The “Cash me outside” girl just signed to Atlantic records. The Insta-famous 14-year-old Danielle Bregoli who went viral on Dr. Phil has officially kicked her off her newfound career as a rapper known as Bhad Bhabie.
Story | Shealene Sakacs
Her debut single “These Heaux” released in late August, and since has peaked at #1 on Spotify’s Viral US and Global Charts. The single briefly eclipsed Taylor Swift’s “Look What You Made Me Do”. Additionally, its music video was released two weeks later and acquired 2 million views within its first 24 hours, and 20 million views in a span of three weeks.
This attention helped Billboard’s youngest female rapper peak at #77 of the Hot 100 charts, which ultimately led to inking a deal with Atlantic Records.
Though this unquestionably viral girl can garner hits on Youtube and music streaming platforms, the idea of giving a young girl a claim to fame before she’s even an adult doesn’t sit right with me, especially when she’s known for acting in such a way that demands actual help, hence her appearance on Dr. Phil.
If Danielle acts the way she does now, what does this mean for her future? The more successful she gets and the more money she makes will only continue to lead to self-destruction, and as a society we should not be promoting that. We should be encouraging Bhad Bhabie to seek help and understand the world isn’t at her beck and call regardless of the type of attention she’s getting at the moment.
Let’s ask ourselves, is it even about the music anymore? Let me clarify. As of lately it seems that every time a viral teen or young adult blows up over social media for acting a fool or putting out a ridiculous video of themselves, we tend to idolize them and support their foolish endeavors so much so that they become a celebrity.

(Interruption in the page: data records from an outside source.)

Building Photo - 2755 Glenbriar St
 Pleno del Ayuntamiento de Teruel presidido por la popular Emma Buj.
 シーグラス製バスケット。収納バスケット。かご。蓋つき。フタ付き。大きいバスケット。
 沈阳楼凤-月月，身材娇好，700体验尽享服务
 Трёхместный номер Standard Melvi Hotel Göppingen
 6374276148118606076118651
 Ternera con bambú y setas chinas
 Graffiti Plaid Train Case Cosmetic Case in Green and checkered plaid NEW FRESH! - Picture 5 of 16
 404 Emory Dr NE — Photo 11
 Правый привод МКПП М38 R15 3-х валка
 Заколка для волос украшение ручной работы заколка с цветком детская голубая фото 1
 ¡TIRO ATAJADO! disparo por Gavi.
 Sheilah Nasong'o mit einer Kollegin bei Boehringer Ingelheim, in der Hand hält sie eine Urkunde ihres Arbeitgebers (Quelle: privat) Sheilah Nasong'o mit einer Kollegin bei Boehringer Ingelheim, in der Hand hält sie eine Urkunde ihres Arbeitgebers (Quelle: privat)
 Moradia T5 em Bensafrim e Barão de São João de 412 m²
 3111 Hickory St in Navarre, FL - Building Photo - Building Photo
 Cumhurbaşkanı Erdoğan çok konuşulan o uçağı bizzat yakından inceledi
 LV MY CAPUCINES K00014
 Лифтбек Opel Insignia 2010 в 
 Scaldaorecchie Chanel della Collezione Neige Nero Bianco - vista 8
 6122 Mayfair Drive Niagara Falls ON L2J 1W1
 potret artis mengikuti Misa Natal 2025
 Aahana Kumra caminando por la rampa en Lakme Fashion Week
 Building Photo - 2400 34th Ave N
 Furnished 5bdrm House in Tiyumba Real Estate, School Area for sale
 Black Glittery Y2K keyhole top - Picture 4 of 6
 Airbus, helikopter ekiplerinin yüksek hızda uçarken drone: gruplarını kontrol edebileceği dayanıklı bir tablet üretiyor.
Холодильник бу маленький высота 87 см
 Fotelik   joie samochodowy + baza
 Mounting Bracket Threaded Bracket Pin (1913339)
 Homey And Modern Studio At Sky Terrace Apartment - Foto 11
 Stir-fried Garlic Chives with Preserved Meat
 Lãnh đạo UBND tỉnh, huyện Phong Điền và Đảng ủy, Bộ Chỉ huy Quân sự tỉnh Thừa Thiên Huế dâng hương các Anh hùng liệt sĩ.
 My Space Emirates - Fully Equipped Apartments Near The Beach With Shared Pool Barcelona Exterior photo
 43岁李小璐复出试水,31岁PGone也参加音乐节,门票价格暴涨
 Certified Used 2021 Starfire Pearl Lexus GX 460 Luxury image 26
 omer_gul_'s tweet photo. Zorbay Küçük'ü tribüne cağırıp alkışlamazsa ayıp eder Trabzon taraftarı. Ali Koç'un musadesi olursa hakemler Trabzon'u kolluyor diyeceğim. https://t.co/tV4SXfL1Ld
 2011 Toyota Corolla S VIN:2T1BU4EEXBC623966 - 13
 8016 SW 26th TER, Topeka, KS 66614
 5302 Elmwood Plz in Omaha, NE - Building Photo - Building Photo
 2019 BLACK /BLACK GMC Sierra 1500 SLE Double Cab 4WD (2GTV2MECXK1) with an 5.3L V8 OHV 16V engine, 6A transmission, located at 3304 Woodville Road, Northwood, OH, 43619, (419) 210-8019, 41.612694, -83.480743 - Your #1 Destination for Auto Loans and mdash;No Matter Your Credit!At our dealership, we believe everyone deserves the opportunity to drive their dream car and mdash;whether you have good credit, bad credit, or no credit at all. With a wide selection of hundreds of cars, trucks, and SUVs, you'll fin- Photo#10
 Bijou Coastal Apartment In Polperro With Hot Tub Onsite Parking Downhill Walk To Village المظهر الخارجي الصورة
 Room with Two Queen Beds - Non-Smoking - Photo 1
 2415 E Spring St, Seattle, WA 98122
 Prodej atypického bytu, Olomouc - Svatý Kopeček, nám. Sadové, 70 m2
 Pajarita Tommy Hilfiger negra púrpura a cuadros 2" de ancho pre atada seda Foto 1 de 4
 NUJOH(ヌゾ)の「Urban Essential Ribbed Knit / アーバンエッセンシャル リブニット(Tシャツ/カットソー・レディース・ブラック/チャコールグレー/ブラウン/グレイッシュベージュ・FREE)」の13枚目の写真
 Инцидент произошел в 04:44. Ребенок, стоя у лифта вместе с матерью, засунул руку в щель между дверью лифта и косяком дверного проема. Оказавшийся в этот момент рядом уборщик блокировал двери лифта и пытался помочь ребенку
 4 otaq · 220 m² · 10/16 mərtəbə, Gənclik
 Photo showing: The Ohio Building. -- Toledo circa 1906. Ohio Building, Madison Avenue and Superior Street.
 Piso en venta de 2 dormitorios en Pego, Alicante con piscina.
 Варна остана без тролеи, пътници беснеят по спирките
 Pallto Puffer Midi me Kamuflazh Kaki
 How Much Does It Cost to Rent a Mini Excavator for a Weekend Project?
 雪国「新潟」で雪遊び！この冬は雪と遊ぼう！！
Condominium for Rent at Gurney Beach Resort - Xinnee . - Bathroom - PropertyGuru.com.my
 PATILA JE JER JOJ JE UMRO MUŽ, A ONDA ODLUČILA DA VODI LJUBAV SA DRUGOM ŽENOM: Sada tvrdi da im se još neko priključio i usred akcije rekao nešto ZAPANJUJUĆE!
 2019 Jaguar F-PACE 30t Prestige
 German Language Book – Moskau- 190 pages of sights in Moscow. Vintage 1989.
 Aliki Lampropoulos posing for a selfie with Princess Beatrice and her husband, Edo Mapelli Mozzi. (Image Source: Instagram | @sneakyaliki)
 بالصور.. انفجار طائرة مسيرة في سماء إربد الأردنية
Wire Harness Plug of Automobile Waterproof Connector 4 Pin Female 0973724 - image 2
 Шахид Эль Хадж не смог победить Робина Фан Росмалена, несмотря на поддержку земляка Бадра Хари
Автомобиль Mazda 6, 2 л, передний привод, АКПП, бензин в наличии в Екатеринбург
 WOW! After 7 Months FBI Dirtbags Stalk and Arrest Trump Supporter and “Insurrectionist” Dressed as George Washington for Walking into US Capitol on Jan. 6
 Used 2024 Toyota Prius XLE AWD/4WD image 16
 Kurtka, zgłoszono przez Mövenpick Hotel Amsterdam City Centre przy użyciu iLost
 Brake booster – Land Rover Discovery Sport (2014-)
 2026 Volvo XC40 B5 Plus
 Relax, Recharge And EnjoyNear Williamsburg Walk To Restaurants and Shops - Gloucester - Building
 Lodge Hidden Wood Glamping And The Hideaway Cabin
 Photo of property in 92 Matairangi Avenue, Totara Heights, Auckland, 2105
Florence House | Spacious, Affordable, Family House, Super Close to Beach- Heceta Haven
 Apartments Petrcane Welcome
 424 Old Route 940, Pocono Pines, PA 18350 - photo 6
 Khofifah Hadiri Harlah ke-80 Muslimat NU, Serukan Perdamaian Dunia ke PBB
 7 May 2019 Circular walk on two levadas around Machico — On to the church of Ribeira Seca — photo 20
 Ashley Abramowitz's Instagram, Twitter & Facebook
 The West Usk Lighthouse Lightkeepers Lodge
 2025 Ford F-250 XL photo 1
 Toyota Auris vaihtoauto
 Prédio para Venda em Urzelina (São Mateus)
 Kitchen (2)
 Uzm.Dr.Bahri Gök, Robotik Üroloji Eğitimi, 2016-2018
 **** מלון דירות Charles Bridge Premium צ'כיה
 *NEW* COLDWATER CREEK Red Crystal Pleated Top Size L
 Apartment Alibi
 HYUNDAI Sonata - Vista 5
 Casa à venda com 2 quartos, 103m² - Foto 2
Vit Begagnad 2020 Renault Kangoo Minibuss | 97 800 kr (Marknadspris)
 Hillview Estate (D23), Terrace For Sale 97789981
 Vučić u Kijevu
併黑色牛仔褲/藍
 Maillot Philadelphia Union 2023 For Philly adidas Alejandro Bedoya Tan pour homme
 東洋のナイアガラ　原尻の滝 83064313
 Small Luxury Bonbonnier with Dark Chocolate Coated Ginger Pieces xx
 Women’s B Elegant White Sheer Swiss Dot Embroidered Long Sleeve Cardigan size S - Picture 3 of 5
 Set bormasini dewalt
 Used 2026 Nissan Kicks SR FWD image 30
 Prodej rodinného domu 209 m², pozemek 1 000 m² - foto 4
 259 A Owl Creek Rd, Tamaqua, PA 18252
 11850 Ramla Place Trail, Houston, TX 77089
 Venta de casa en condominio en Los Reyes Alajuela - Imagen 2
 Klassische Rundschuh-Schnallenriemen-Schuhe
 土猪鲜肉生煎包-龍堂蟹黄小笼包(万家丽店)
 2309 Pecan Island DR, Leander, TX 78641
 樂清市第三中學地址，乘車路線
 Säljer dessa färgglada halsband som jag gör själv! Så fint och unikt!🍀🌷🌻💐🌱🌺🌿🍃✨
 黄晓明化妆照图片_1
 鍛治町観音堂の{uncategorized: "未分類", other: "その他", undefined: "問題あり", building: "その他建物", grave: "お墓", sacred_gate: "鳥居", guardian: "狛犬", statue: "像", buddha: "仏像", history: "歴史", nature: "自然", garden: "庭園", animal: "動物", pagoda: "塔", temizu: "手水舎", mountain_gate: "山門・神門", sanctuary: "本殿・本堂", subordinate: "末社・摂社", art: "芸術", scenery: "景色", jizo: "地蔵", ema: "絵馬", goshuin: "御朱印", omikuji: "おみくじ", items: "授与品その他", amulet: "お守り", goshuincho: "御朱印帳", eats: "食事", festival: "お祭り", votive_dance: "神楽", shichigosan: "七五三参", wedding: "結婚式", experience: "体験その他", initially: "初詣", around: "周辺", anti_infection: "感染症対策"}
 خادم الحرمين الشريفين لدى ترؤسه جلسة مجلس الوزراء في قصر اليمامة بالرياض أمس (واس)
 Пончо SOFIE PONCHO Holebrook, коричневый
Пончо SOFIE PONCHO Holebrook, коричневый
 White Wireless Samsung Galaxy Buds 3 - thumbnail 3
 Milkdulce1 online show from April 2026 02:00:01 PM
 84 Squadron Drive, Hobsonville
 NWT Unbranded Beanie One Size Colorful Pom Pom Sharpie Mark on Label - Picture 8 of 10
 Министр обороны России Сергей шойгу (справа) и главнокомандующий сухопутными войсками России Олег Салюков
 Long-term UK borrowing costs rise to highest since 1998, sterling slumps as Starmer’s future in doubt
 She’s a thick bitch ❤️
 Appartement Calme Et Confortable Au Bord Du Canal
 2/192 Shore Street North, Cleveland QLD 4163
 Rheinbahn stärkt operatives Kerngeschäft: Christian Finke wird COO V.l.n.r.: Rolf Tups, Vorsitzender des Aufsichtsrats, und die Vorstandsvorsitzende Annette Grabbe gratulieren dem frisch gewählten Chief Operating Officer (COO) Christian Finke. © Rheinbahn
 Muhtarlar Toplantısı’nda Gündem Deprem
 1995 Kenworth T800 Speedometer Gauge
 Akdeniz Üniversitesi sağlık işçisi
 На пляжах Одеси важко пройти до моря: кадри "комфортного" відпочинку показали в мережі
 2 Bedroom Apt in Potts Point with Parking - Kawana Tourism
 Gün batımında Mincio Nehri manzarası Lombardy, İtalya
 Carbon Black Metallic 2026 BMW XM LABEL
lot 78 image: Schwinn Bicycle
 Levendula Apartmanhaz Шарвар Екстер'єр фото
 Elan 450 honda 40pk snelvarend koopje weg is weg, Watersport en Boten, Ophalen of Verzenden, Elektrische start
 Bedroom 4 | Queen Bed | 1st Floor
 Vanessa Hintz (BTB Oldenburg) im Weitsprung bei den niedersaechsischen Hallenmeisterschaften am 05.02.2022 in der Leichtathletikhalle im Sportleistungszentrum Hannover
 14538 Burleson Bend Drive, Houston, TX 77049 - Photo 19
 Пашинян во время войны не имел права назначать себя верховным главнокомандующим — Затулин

Take for example the YouTube and Vine star Cameron Dallas. Though his influence on social media earned him roles in the films Expelled and The Outfield, I still question if a six second video qualifies him as an actor. It’s possible that some artistic outlets are leaning towards utilizing people for their popularity.
Furthermore, record labels shouldn’t sign people based off of their fandom and despite their slightest ability to put words together in a rhyme. Of course, music is up for interpretation and some people may think that Bregoli’s music is of quality. However, it is safe to say that her number one supporters in music are the ones that she acquired already from being a reality star.
At the core, what’s the real reason behind Bhad Bhabie’s popularity? Is it good music? Or is it her unapologetic way that millennials tend to glamorize?
Regardless of what you’re answer is, the teenage reality TV star turned rapper is now going to embark on this career in music and we can only hope the best for her livelihood. As for record labels, let’s hope they don’t continue failing to endorse hard-working artists and go for these celebrities for their following. Invest in the person, not their following.